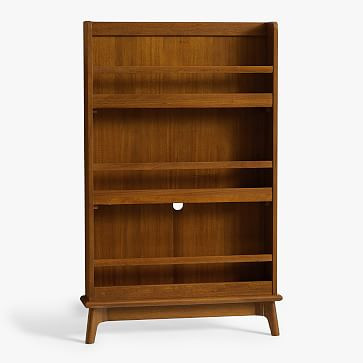 Mid-Century Bookrack - Acorn | West Elm (US)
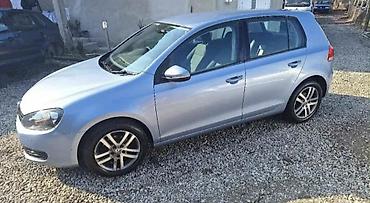 "prodajamotora.rs" "motocikala": Volkswagen Golf 6 DELOVI 5-vrata hatchback, metalik svetloplava — 6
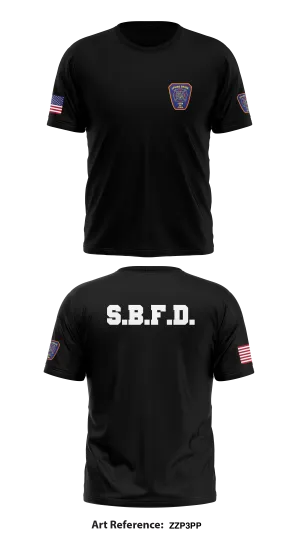Spring Brook Fire Dist Core Men's SS Performance Tee - zzp3pp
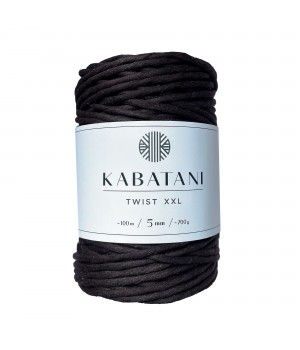 TWIST XXL ~ 5 mm ~ NOIR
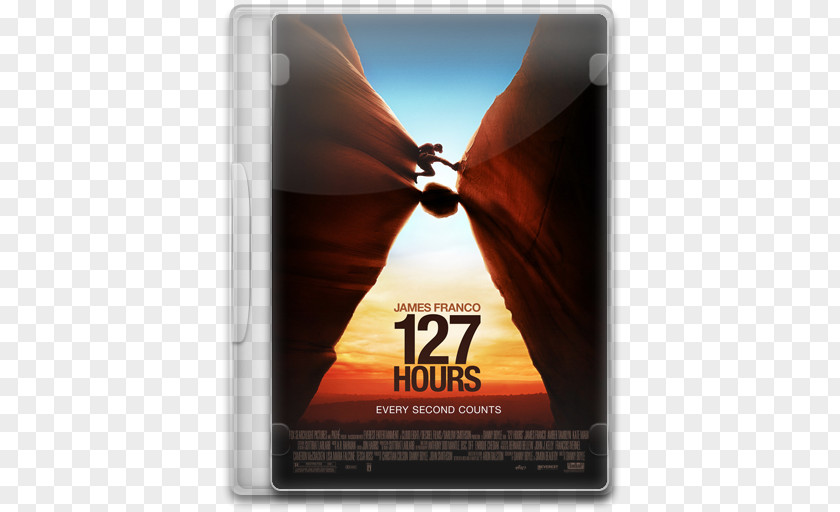 127 Hours Dvd Brand Heat Poster PNG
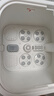 海尔（Haier）泡脚桶恒温加热全自动按摩足浴盆家用抑菌洗脚盆仿真按摩泡脚盆足浴桶父亲节礼物生日送男女朋友 【抑菌99.9%/恒温变频】电动按摩款 实拍图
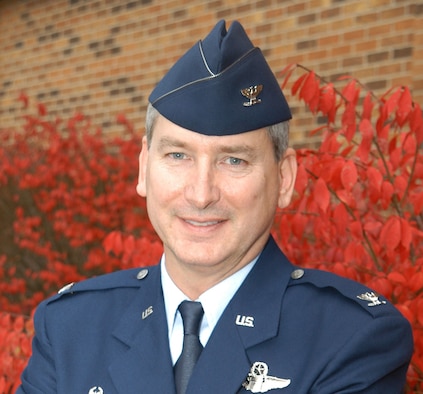 Colonel Stephen Linsenmeyer, 434th Operations Group commander, Grissom Air Reserve Base, Ind.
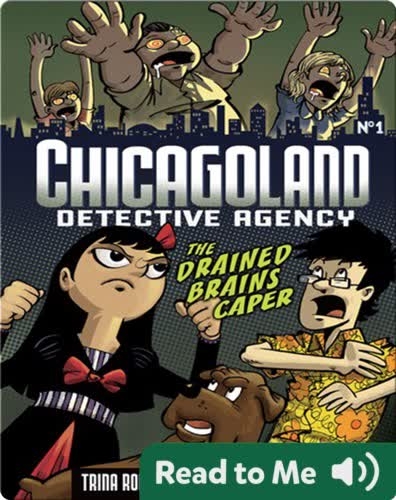 The Drained Brains Caper (Chicagoland: Detective Agency)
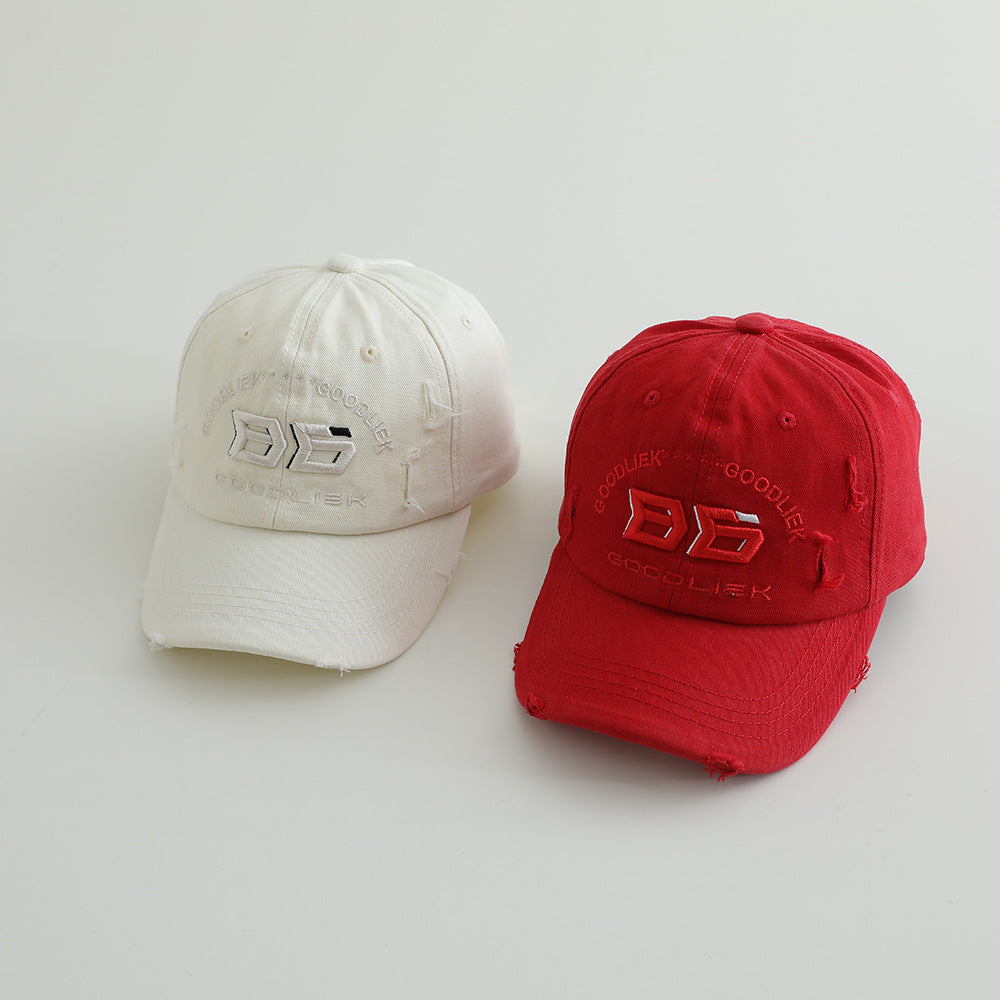 Unisex Distressed Graphic Baseball Cap Kalsten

### What is needed
Write out all the entries word for word, but skip any images.

### Final answer
 Mid-Century Bookrack - Acorn | West Elm (US)
 "prodajamotora.rs" "motocikala": Volkswagen Golf 6 DELOVI 5-vrata hatchback, metalik svetloplava — 6
Spring Brook Fire Dist Core Men's SS Performance Tee - zzp3pp
 TWIST XXL ~ 5 mm ~ NOIR
 127 Hours Dvd Brand Heat Poster PNG
 海尔（Haier）泡脚桶恒温加热全自动按摩足浴盆家用抑菌洗脚盆仿真按摩泡脚盆足浴桶父亲节礼物生日送男女朋友 【抑菌99.9%/恒温变频】电动按摩款 实拍图
 Colonel Stephen Linsenmeyer, 434th Operations Group commander, Grissom Air Reserve Base, Ind.
 The Drained Brains Caper (Chicagoland: Detective Agency)
 Unisex Distressed Graphic Baseball Cap Kalsten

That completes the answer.